Anche le identità di almeno due dei tre scienziati possono aprirsi a variazioni: nulla vieta di sovrapporre al filosofo e astronomo greco un sapiente ebreo, l’uno e l’altro precursori del cristianesimo, secondo il pensiero rinascimentale; a Melchiorre in veste tolemaica, potremmo sovrapporre un pensatore arabo di indirizzo averroista, molto stimato tra gli umanisti.
Ma neppure ora possiamo fermarci. Torniamo ancora una volta al dipinto per notare meglio la foggia e i colori degli abiti. Qui o ci soccorre l’erudizione o non potremmo procedere. Si tratta di tre umanisti che praticano un sapere occulto, forse di tipo neopitagorico; il giovane è il neofita; l’adulto è chi già è introdotto, l’anziano è il maestro.

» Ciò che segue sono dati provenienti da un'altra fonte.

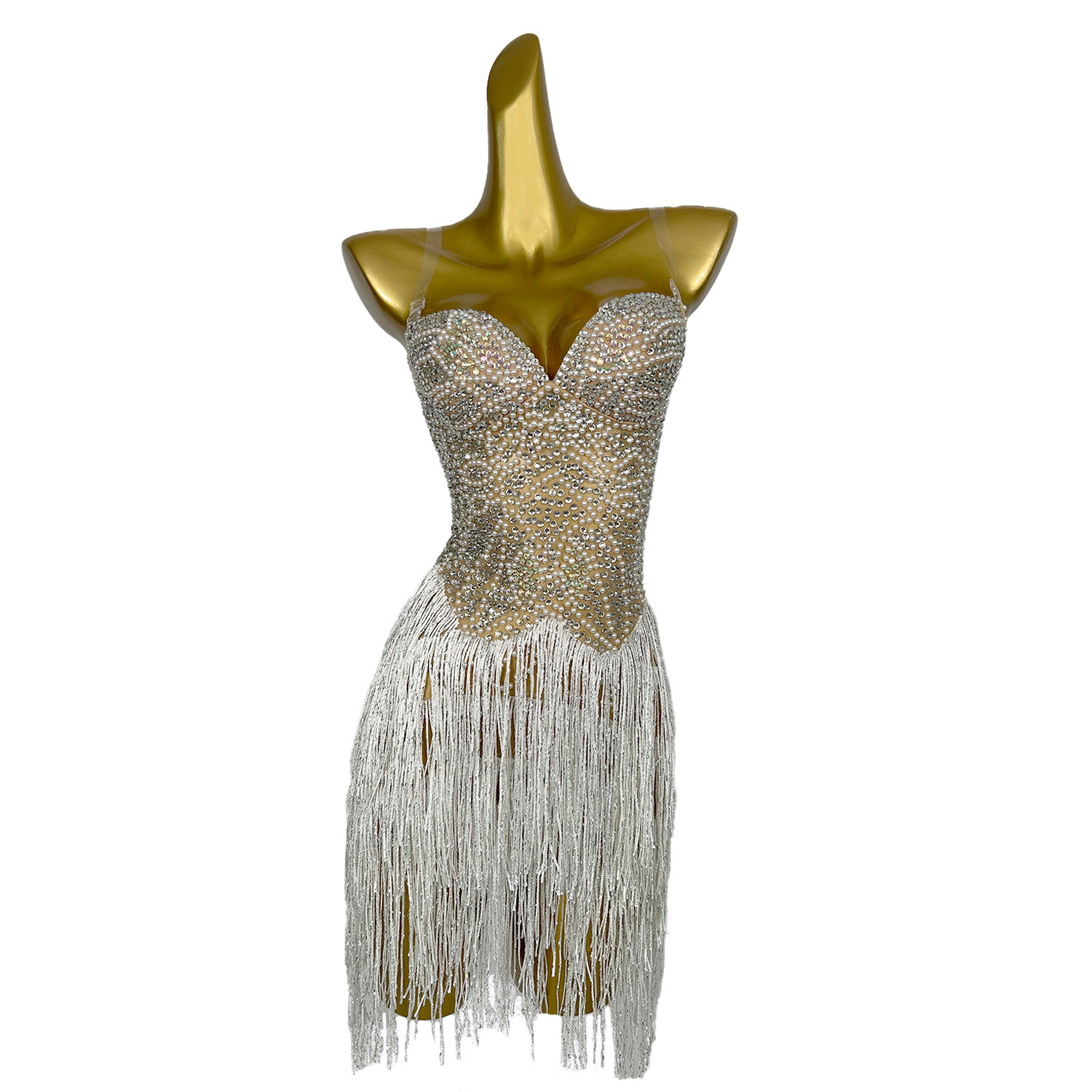 GOOSHOE Crystal Fringe Backless Prom Gowns White Pearls Off Shoulder Short Dress Stage Costume Qiaqia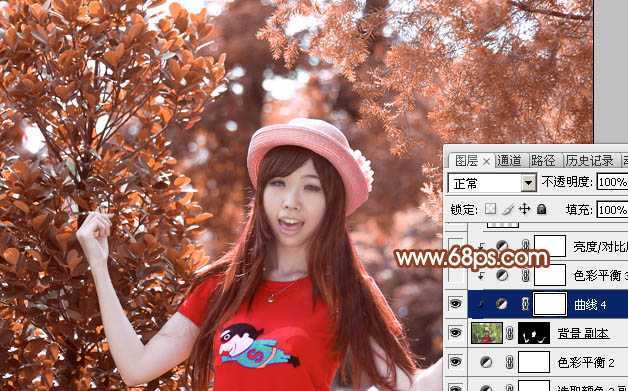 ‘Photoshop打造唯美的橙红色树林人物图片‘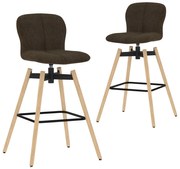 vidaXL Barstoelen draaibaar 2 st stof bruin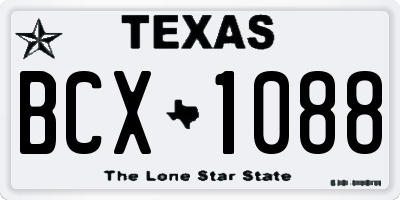 TX license plate BCX1088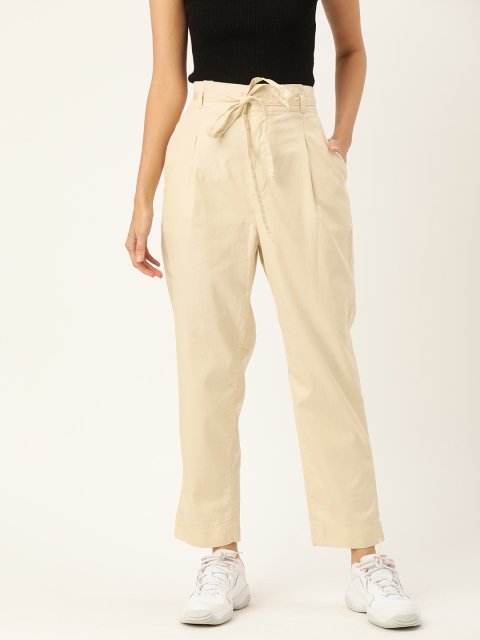 

GAP Women Beige Tapered Fit Pure Cotton Peg Trousers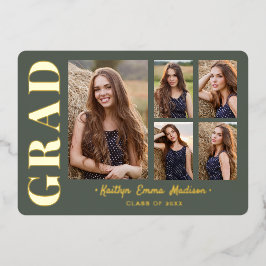 Foto Afstudeerder Collage Sage Green & Gold Foil K Folie Uitnodiging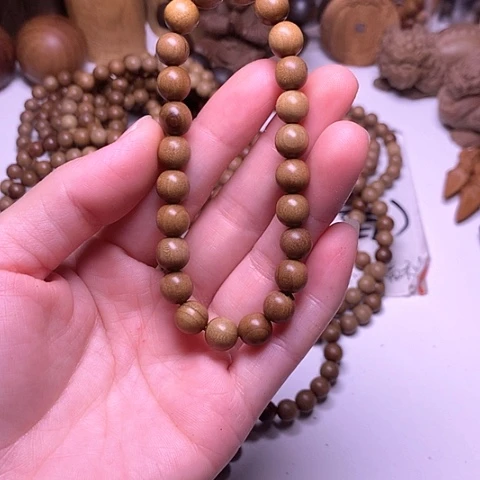 檀香木手串/手链檀香黑肉0.8/25单圈顺纹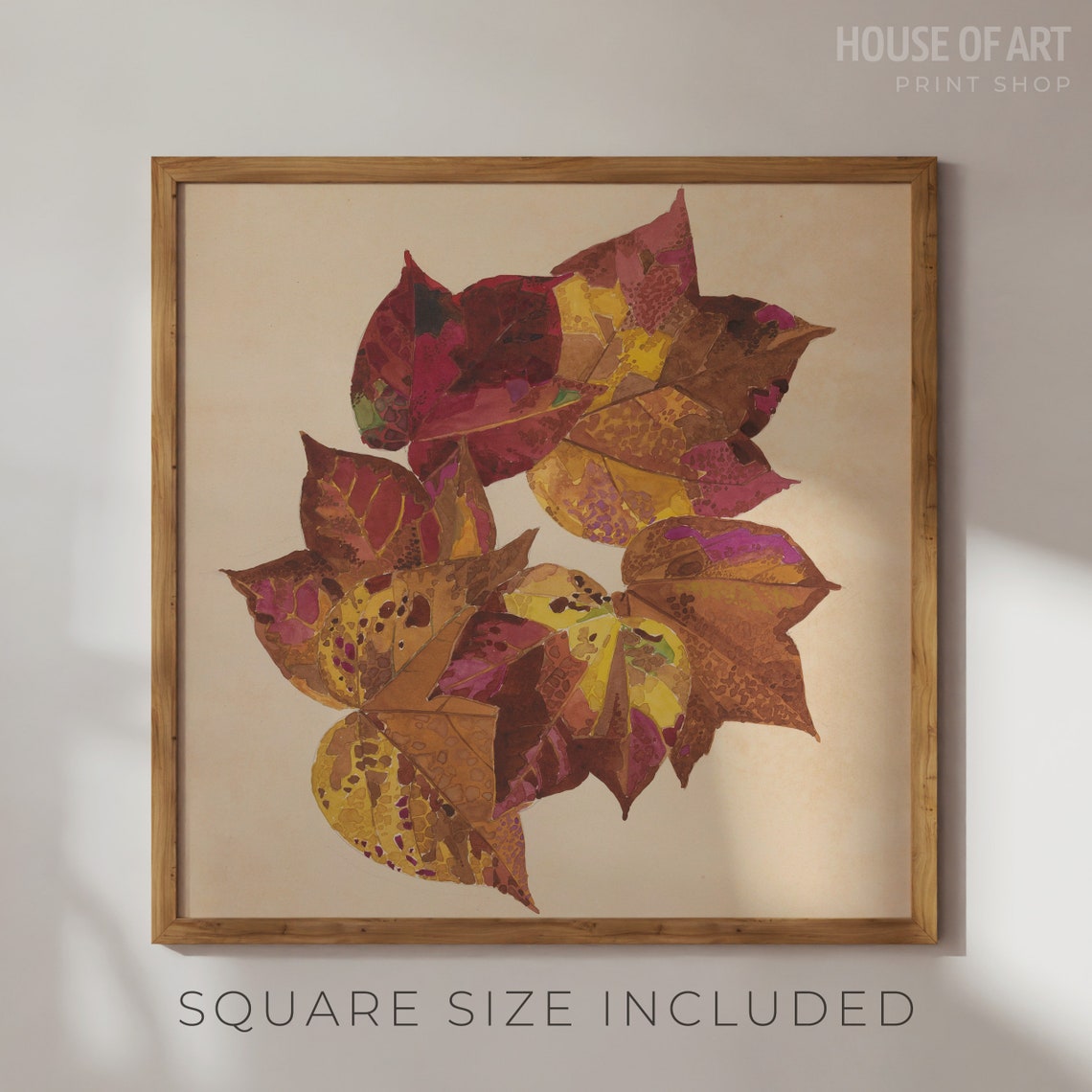 Autumn Leaves Watercolor Still Life Fall Foliage Botanical Art Print - Image 2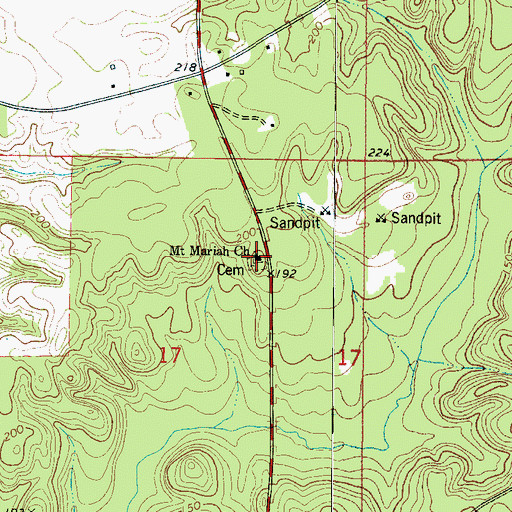 Topographic Map of Mount Moriah Baptist Church, AL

Siamo ormai ben oltre il tema biblico, nel pieno di una composizione di significati. Siamo nel culmine dell’ambivalenza dei linguaggi pittorici quali solo un pittore dotto o un dotto committente poteva realizzare, al punto da far convivere un messaggio biblico essoterico (il cammino dei Magi), un messaggio culturale per addetti ai lavori (il cammino sapienziale degli scienziati) e un messaggio esoterico (il cammino iniziatico).
Quel che colpisce in Giorgione (in particolare nella Tempesta), è l’equilibrio tra l’elemento misteriosofico collocato sotto gli altri due strati e l’enigmaticità che l’immagine nel suo insieme ci restituisce.
La sua forza, almeno per me, è che questo percorso nell’ambivalenza non decifra mai compiutamente l’intero, e lascia così integro e inesaurito il fascino del dipinto, che resta nello stesso tempo coltissimo e refrattario a un’intellettualizzazione per anime pedanti.
La pittura, ripensata come pratica esistenziale, ci insegna a osservarla sospendendo il principio di non contraddizione; una sospensione ben più forte dell’ancora corrente idiozia del realismo. E questo quasi mezzo millennio prima di Magritte, Delvaux e Dalì.
Una volta saputo questo, possiamo tornare all’opera per godercela come pittura: composizione, spazio, forme, colori, toni, accostamenti e tecniche. L’atto del piacere è quello finale in cui finalmente si guarda imbambolati senza pensare dopo aver passeggiato a lungo nell’opera. L’accantonamento dell’analisi è il punto d’arrivo: dallo sguardo interrogante alla visione pura.